In an underdiscussed opinion from last week, Judge Richard J. Leon in the District Court of the District of Columbia issued a decision in League of Women Voters v. Harrington (once League of Women Voters v. Newby). This longstanding dispute traces back to 2016, when then-Director Brian Newby approved Kansas’s, Georgia’s, and Alabama’s requests to modify the “Federal Form” for voter registration to include proof of citizenship instructions for their states. (The legacy of this dispute also goes back to Arizona v.
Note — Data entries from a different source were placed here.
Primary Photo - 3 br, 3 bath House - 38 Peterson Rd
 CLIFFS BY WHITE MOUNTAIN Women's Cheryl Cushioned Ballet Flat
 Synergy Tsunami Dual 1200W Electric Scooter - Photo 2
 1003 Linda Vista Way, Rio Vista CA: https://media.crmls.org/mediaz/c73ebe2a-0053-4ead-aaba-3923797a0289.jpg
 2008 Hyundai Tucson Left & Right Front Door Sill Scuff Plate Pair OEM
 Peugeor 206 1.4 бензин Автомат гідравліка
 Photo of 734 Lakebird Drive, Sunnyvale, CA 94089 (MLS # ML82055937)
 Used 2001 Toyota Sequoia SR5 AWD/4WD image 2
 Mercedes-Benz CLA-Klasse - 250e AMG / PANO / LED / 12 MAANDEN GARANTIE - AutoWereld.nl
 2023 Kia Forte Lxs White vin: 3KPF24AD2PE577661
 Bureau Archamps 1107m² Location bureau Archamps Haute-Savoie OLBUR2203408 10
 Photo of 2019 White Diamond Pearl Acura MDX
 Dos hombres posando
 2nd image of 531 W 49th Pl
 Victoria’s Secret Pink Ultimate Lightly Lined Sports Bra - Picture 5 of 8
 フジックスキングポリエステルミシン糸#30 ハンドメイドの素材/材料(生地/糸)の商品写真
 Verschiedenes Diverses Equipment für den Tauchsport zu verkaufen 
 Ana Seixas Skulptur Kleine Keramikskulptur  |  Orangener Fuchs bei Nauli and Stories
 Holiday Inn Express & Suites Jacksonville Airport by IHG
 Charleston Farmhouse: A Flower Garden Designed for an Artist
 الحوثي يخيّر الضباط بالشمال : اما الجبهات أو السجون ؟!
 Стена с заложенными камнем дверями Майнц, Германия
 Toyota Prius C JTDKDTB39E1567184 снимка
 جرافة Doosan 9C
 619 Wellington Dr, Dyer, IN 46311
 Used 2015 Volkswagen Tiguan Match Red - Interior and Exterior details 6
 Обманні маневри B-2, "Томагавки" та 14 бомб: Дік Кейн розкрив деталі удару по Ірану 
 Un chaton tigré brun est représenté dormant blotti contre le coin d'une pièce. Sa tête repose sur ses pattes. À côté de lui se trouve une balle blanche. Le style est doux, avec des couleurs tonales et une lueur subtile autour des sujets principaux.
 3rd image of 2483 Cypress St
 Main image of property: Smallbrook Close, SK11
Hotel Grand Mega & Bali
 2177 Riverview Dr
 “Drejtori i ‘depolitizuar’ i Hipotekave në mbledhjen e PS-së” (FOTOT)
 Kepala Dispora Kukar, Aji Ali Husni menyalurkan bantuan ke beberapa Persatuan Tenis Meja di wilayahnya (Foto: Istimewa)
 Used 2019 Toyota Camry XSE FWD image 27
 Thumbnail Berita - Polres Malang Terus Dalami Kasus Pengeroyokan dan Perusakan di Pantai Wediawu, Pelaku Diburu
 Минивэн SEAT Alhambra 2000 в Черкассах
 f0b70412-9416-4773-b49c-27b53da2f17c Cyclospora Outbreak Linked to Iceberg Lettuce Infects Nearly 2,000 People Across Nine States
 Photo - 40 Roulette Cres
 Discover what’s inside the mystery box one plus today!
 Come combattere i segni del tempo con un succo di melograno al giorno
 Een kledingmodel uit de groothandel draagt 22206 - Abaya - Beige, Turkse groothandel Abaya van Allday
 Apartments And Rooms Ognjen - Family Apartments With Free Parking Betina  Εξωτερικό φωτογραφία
Inter Tribal Council of Arizona, Inc., a Supreme Court decision back in 2013, on the EAC’s authority and proof-of-citizenship on the Federal Form.)
The court found that under the Administrative Procedure Act, Newby’s decision was “arbitrary and capricious.” The National Voter Registration Act requires that the instructions on the Federal Form are “necessary to enable [States] to assess the eligibility of  applicant[s] and to administer voter registration and other parts of the election process.” The court found that Newby was “mistaken” in believing that he was not required to consider the “necessity” of the changes. Without any belief he needed to consider the matter, he acted improperly. There’s some detail discussion about some of the constitutional issues at play (what I described back in 2014 as the “play in the joints” of the Election Clauses), but it’s a short and readable opinion.
There are a series of Tenth Circuit cases on Kansas’s saga after Inter Tribal on this matter. But the case is now sent back to the EAC (five years after the original decision) to consider Georgia’s and Alabama’s requests pursuant to the NVRA (to the extent they continue to seek state-specific instructions).